Neue EU-Vorschriften machen den Verkauf weniger rentabel.

Du hast eine Lieblings-Zigaretten-Marke? Dann solltest du dir vielleicht einen Vorrat anlegen, denn bald könnte sie nicht mehr in den Regalen zu finden sein!

Wie die Welt berichtet, kündigte der weltgrößte Tabakkonzern Philip Morris jetzt an, aus dem Verkauf klassischer Tabakzigaretten für den britischen Markt auszusteigen und dafür eine elektronische Rauchvariante, die „Iqos“ herauszubringen. Auch der zweitgrößte Konzern, British American Tobacco (BAT), wird einige Marken aus dem Sortiment streichen und sein Angebot damit freiwillig verkleinern.

Die Unternehmen begründen ihre Entscheidung mit den Tabakgesetzen der Europäischen Union und den neuen Packungsbestimmungen, die bei Nischenangeboten einen im Verhältnis zu den Verkaufszahlen viel zu hohen Aufwand auslösen.

Bereits seit einem Jahr müssen Schockbilder und Warnhinweise zwei Drittel der Packungsfläche bedecken. Nun müssen die Steuerbanderole sowie eine neuartige Codierung an anderen Stellen auf der Packung platziert werden – die Kosten für die Änderungen an den Zigarettenmaschinen werden mehrere Millionen Euro betragen.

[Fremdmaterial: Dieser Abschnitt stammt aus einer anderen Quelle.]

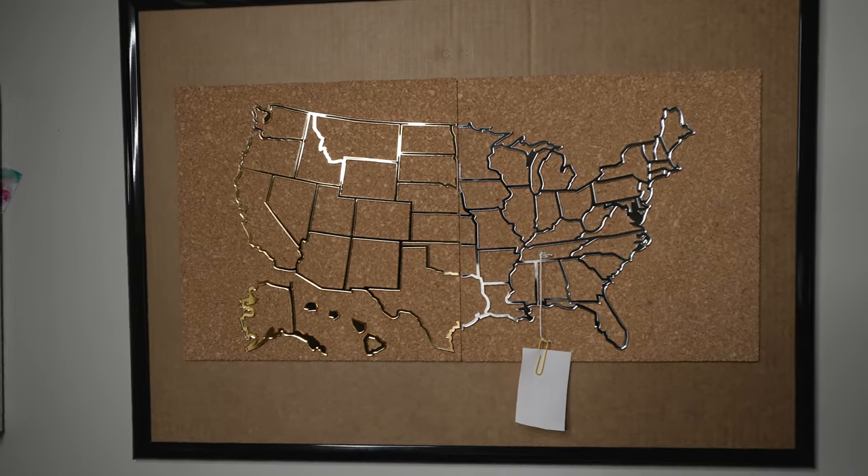And there you have it — my laser cut USA photo map! Let me know in the comments what you think about the design, the cork, and the acrylic. If you'd like to try this out yourself, I'll have a PDF file in the description below. If you like this video, make sure you give it a thumbs up, and I'll see y'all in the next project!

Bei kleineren, mittelständischen Unternehmen der Branche könnten die nächste Stufe der Tabakrichtlinie der Europäischen Kommission sogar Existenzängste auslösen. Von den rund 90 großen Zigarettenmarken im deutschen Tabakhandel wird somit voraussichtlich jede siebte Marke verschwinden – bei den kleinen Untermarken dürfte die Zahl noch deutlich größer sein.

Da einige Raucher bereits angefangen haben, Vorräte anzulegen, haben einige Online-Händler die mögliche Bestellmenge pro Person bereits reduziert.

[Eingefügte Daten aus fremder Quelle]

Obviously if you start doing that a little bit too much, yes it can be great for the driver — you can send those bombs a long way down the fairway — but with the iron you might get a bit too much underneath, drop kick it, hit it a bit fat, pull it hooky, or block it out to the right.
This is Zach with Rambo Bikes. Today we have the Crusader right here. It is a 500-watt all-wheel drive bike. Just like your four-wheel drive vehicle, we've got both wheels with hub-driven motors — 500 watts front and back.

Marken wie HB, Lord und Prince Denmark bleiben weiterhin im Vertrieb, auch wenn die Verkaufszahlen im Keller sind. Konkurrent Reemtsma wird hingegen Marken wie Atika, Juno, Salem No. 6 oder Eckstein No. 5 streichen. Japan Tobacco will die Marke Reyno einstellen, allerdings erst, wenn in zwei Jahren Mentholzigaretten verboten werden.